Should I go the ultimate course, help Ross out and remind him what the “liberal” and “conservative” labels are–meaningless fictions? Changing styles that ought not to be defined so much as alluded to in generalities, as green phosphenes that disappear on the back of your eyes? Is being liberal or conservative really going to help you put the Libyan upheaval into a perspective? No. I think Ross would be a better writer if he realized this. Yes, I know, his being a young, idealistic conservative is the only thing that got him his job at the New York Times. But there are hordes of better (more experienced?) conservative columnists around. And his presence there sometimes seems to serve the same purpose that Alan Colmes’ did on Fox News–to look weak-chinned and not-so-bright next to the real stars.  Is it because he’s dumb or a bad writer? No. But he is a chalk artist of sorts–a man trying to constantly clarify for us skeptics what conservatism is in a changing world and who ends up trying to draw a figure in a rain storm. Yes, we know you all think Ronald Reagan saved the world. Doesn’t help us or you at this point.

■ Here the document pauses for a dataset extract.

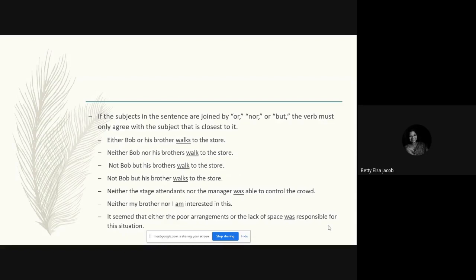Look at this example: 'Either Bob or his brother walks to the store.' We have two subjects — Bob and his brother — combined by 'or.' We look at the subject closer to the verb: 'his brother' is singular, so 'walk' takes the singular form 'walks.' Next example: 'Neither Bob nor his brothers walk to the store.' Here 'his brothers' is plural and comes closer to the verb, so we use the plural form 'walk.'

At best, Douthat ends up looking like the kid in the choir trying to show how well he reads the book of hymns to the faithful. At worst, he ends up writing nonsensical articles like this one that needlessly insult the foreign policy victories of the Clinton era and especially insult those who took on wars for humanitarian issues alone, as if without a revenge factor, a war is a waste of time. Insulting humanitarian issues for one war (like Kosovo or Libya) and then hiding behind them for a war of aggression (like the one in Iraq) makes you simply an asshole.

The fact is, no war is good, even those that are sadly necessary. All of them begin to end political chaos and yet all of them ironically increase political complexity once they are started (even morally defensible ones like World War II). You often get to a point you never intended to be, and end up fighting for things you never started fighting for. You can’t control a war’s outcome, not if you’re a high-minded humanitarian trying to stop a massacre or if you’re a bullying empire trying to get more land. All you can do is try to control the variables. A good political leader might have tried, for example, to control American revenge lust in 2003 rather than exploiting it.

So there’s no need to pollute our arguments with ridiculous paradigms like conservative and liberal. When I explain to a person that the estate tax repeal was an abomination that was engineered by a few and served even fewer, I should not have to deal with the counterpoint, “You’re a liberal.” Ross Douthat is not as dumb as that, and yet he and the dummy who says it are thinkers of the same kidney. If you had just stuck with the facts, kid, “Maybe only a ground war could take Qaddafi out,” then I would have taken your article seriously and said you had a point. Instead, you want to make every article about Ronald Reagan and hometown values and a lot of other insipid garbage. It gets obnoxious and irritating to watch you grow up in public.